Courts could have a role in Irish economic crisis
Permanent Crisis Resolution Mechanism.
It is the name of a German initiative to ensure that financial fatcats as well as innocent taxpayers take a hit from overlending to profligate eurozone periphery nations and banks.
A well-intentioned effort by Chancellor Merkel at sharing the burden of dealing with credit excess, that seems today to have inadvertently sent the eurozone a few stages down the loop of doom.
I think the name is supposed to mean that the resolution mechanism is “permanent”, although it sounds a bit like it is the crisis that is permanent. That certainly appears the case today, as I hurtle towards Brussels on the Eurostar, ahead of a vital meeting of European finance ministers.
The last time I did this was in May, when Alistair Darling, startled at still being Chancellor during the fraught Coalition negotiations, attended an acrimonious meeting that lasted until 3am. They just got out details of this “trillion euro” package minutes before Asian markets opened, but I thought at the time that it was all a little flaky.
Well now it appears to be a case of “Show me the Money”.
The trigger for this is the suggestion by Merkel as part of this PCRM that bondholders should shoulder some of the hit in situations like this, after 2013. If you look at the Irish bank bailout in September, the people who lent the money to the Golden Circle of Irish businessmen who bankrupted most of the Emerald Isle’s banking system, got away scot free.

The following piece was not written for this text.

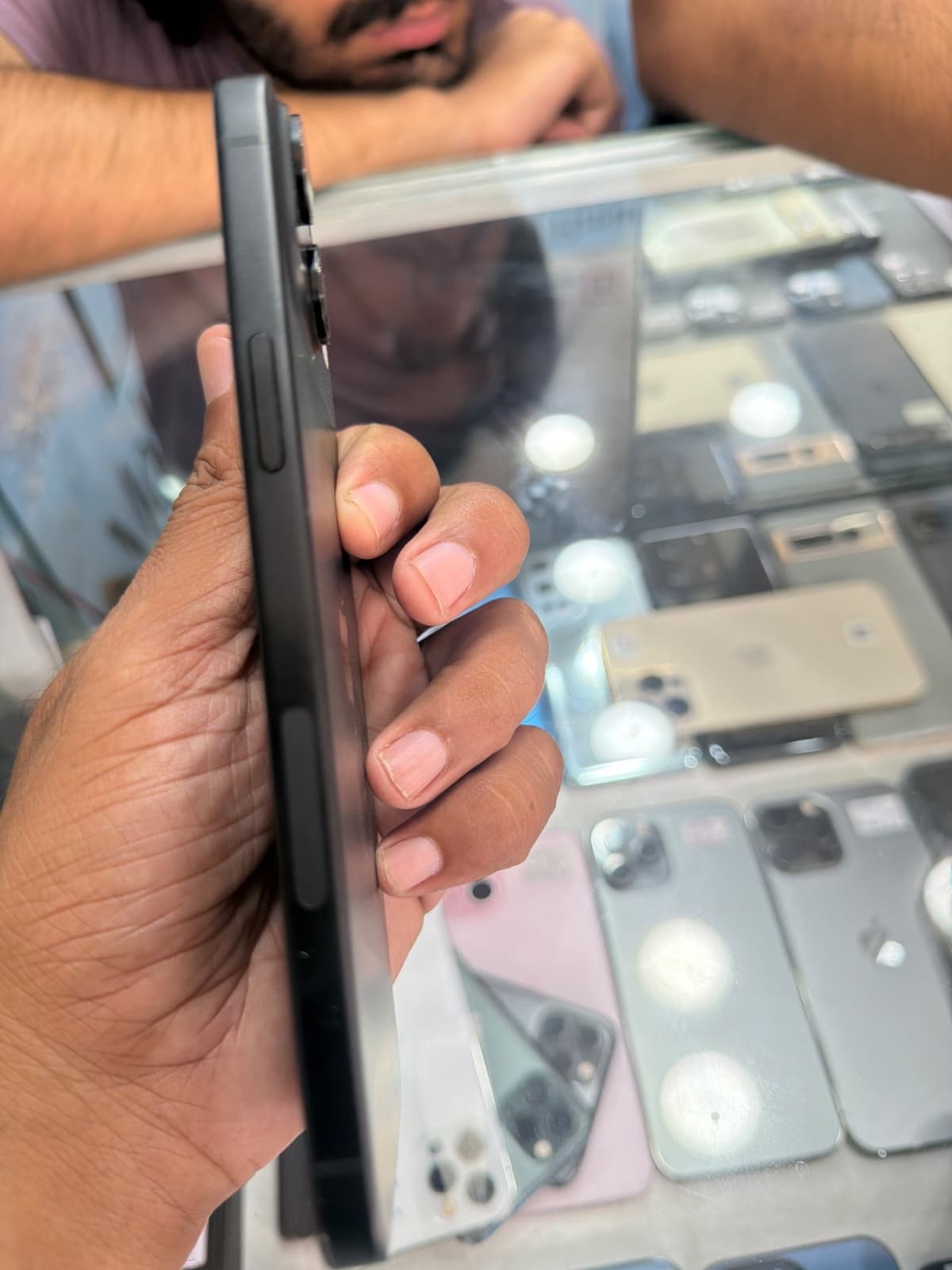 Apple iPhone 15 Plus 128GB in Black — photo 4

Taxpayers in Ireland will be paying this off for years.
So it was right to try to address this utter injustice. The problem is that it has spooked markets hugely.
This battle of international investors versus taxpayers will be seen vividly in the courts this week. There is a battle between basically the Irish government and the hedge fund bondholders of the junior debt of Anglo Irish Bank.
The attempt at a so-called coercive tender, is being resisted by basically US hedge funds who say they can block these small efforts towards burden sharing.
So watch Brussels, where I cannot predict whether and how Ireland will succumb to international pressure this evening. But also watch the courts.